The industry attorneys added two other important details to their argument as well: first, because the gun sales occurred in Ohio, New York State has no legal standing in the case. Second, Beemiller and MKS Supply are insulated from liability by the Protection of Lawful Commerce in Arms Act. That law was enacted in 2005 and ostensibly protects firearm manufacturers and sellers from being held liable for harm caused by the criminal misuse of their non-defective products.

That such a law is even necessary is a great indication of where the legal profession would like to take this country. In case you don’t know what I mean, ask yourself this: if the gun distributor can be held liable, and then, in turn, the gun manufacturer, why not the company that mined the ore to make the gun? Why not the smelter of that ore, or the state where that ore was taken out of the ground?

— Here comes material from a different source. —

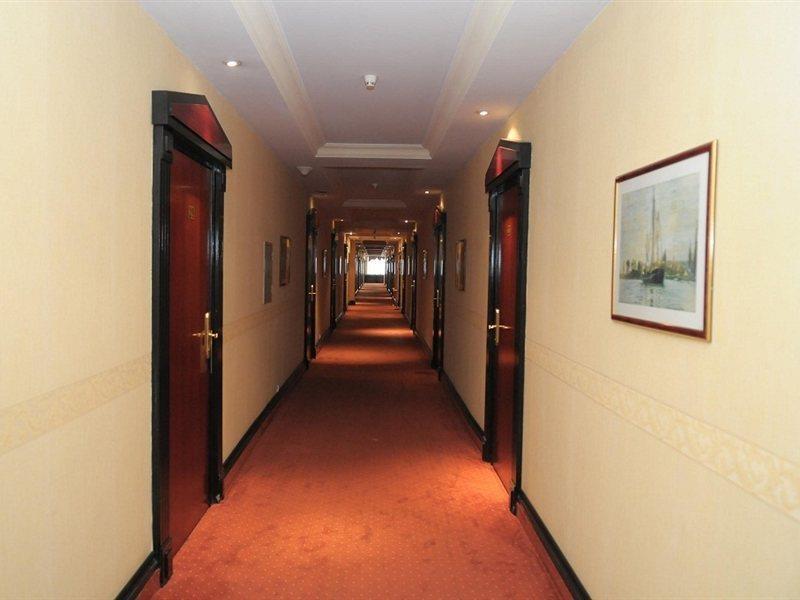 Ambassador Hotel Almaty Luaran gambar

And as always in a case involving firearms, partisan politics is also part of the mix. “This important ruling states that gun companies who choose to supply the criminal gun market are not above the law,” said Jonathan Lowy, a Brady Center attorney who, along with Buffalo lawyer Terrence Connors, represents Williams. The Brady Center is named after Jim Brady who was seriously wounded when John Hinckley, Jr. attempted to assassinate President Reagan on March 30, 1981. Again, Jim Brady merits the sympathy of a nation. His center’s efforts to eviscerate the Second Amendment do not.

In the initial ruling on the case, state Justice Frederick J. Marshall agreed with the gun manufacturers, and dismissed it on May 18, 2011. This ruling overturns that one, but it’s not over. “We believe [the lower court ruling dismissing the case] was a courageous and legally correct decision, but the Fourth Department was unwilling to follow his well-reasoned opinion,” said Jeffrey Malsch, who represents MKS Supply. “Whether we appeal or not, we are confident that ultimately the facts will contradict the baseless allegations in the complaint, and the case will be dismissed.”

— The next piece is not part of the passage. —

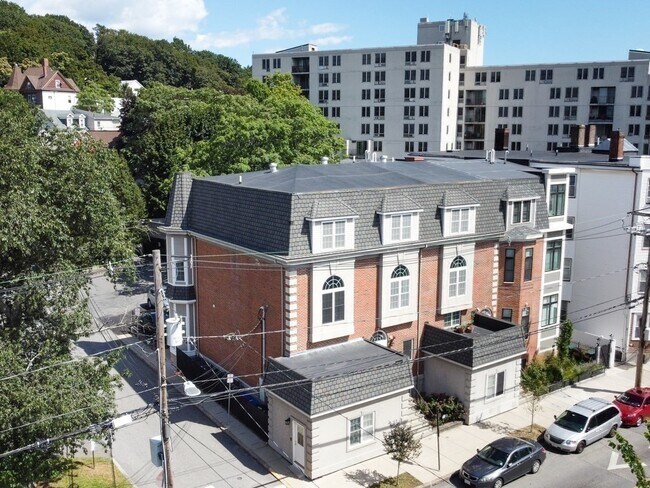 Building Photo - 195 Washington Ave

That’s the small picture. The larger picture is what should deeply concern every American. Nothing has affected this nation more deeply than the “sue everyone” mentality that is rapidly turning virtually any interaction between two human beings into a potentially litigious event. Add the reams of rules and regulations enacted by government at every level to the mix — so much so that the law not only becomes unknown, but unknowable — and the trajectory is clear: we are litigating and regulating our way into a totalitarian strait-jacket.

The solution? It begins with tort reform, but that is only a beginning. Lawyers who would pursue unlimited causation must be sanctioned. Repeat offenders should be disbarred. The alternative is the continued expansion of causality to the point where not only freedom becomes a casualty, but the economic health of the nation as well.

As for this particular case, the long term — and progressive — objective is clear: the Second Amendment can effectively be overturned without having to go through that “messy” process of acquiring the approval of two-thirds of Congress and three-fourths of state legislatures to do so. All we have to do is get enough courts to hold enough gun-makers liable for crimes committed with firearms, and we’ll eventually make it impossible for gun manufacturers to remain in business. Make no mistake: that’s what these legal termites and their enablers are hard at work trying to do.

And for the very first time since the 2005 law was enacted, a court is letting them do it.